I just reinstalled Diva over an older demo (Windows 10) and authorized it. I purchased several sound sets (TheUnfinished & Luftrum) and copied the patches into the appropriate folders. The patches show up in the Diva browser, the name shows as selected when I click on one, but they don't actually load - the info and parameters don't change and the previous factory patch still sounds.

I know I have them in the right folder since they do show up in the browser. Any ideas?


----------



## synthpunk (Sep 20, 2017)

Restart DAW, make sure you have the latest version 3898 of Diva ?

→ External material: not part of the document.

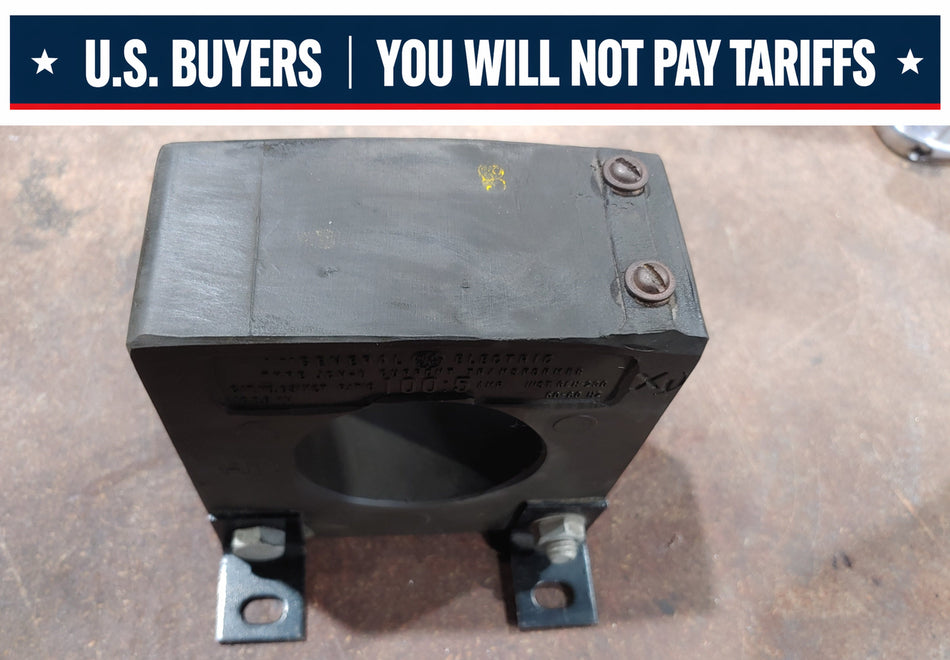 General Electric Current Transformer 100:5 Cat no: 631X27 Type JCH-0 "USED"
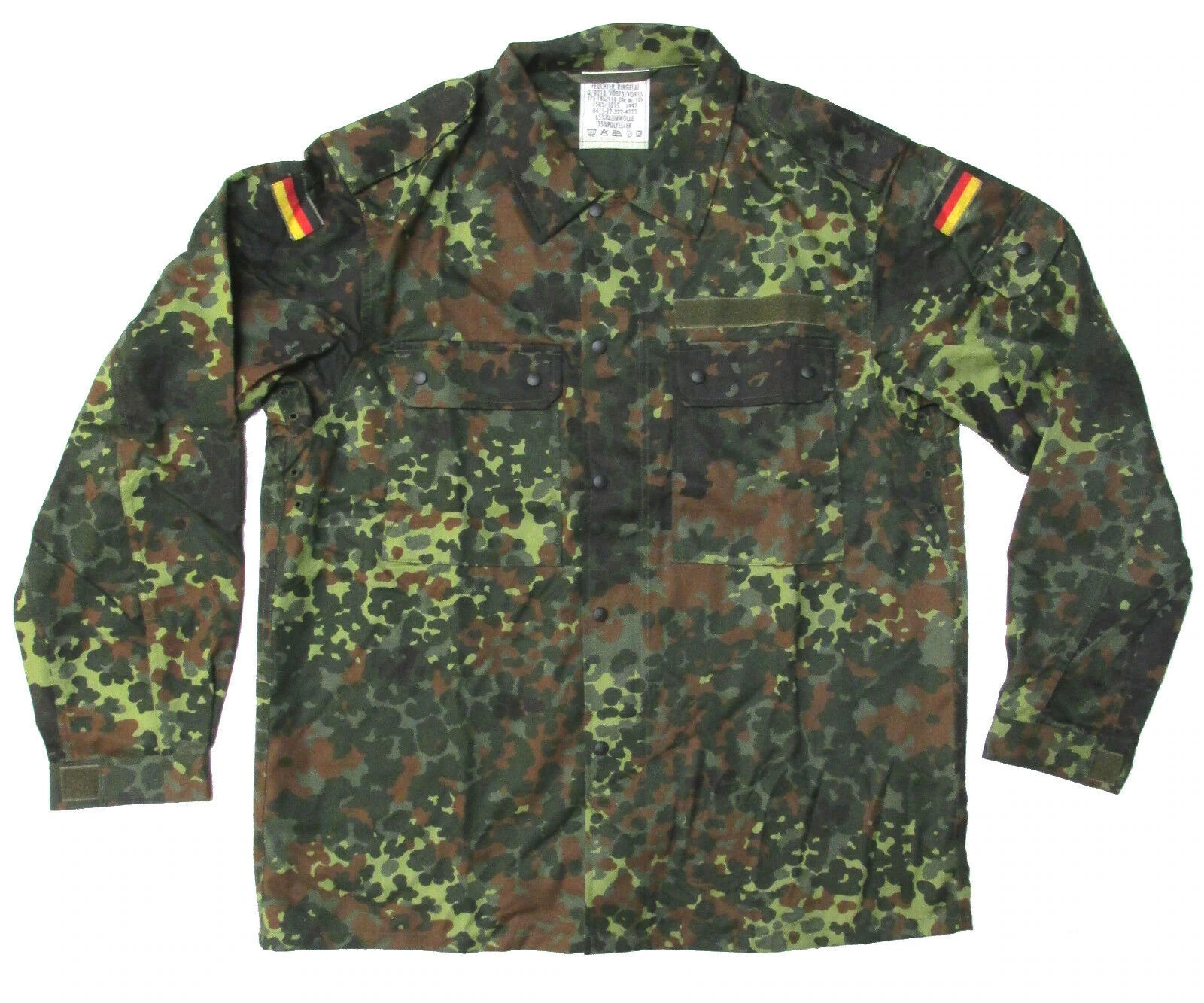 Flecktarn Camouflage German Army Shirt/Jacket - NEW Unissued - Size GR10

I'm sure you'll get some hits on your KVR thread as well.


----------



## khollister (Sep 20, 2017)

Actually, I have 4078. And, yes I tried restarting Cubase too.


----------



## khollister (Sep 20, 2017)

I have one soundset that works correctly (Synthwave). Interestingly, the ones that don't work have patch names starting with "._" I have unzipped the files again but get the same thing.It's like the patches are corrupted somehow.

UPDATE - what is actually happening is I have 2 versions of every patch, the one that works (e.g. ARP Poseidon) and a second one that doesn't (e.g. ._ARP Poseidon).

WTH?

SOLVED! - I unzipped the files on a Mac and there were ._ versions of all the files which I couldnt see in the folder until I turned on hidden file visibility. What a moron!


----------



## synthpunk (Sep 21, 2017)

Looks like Diva is up to 5541 (1.4.2) now btw with nks support. 
http://www.kvraudio.com/forum/viewtopic.php?f=31&t=481455

Now if we could get Zebra 2.8 and Pro-5 with this new patch browser I keep reading about  I think Uli definitely needs a project manager.



khollister said:


> Actually, I have 4078. And, yes I tried restarting Cubase too.


----------



## khollister (Sep 21, 2017)

synthpunk said:


> Looks like Diva is up to 5541 (1.4.2) now btw with nks support.
> http://www.kvraudio.com/forum/viewtopic.php?f=31&t=481455
> 
> Now if we could get Zebra 2.8 and Pro-5 with this new patch browser I keep reading about  I think Uli definitely needs a project manager.



That's a beta. 1.4.1 which I have already has NKS support.


----------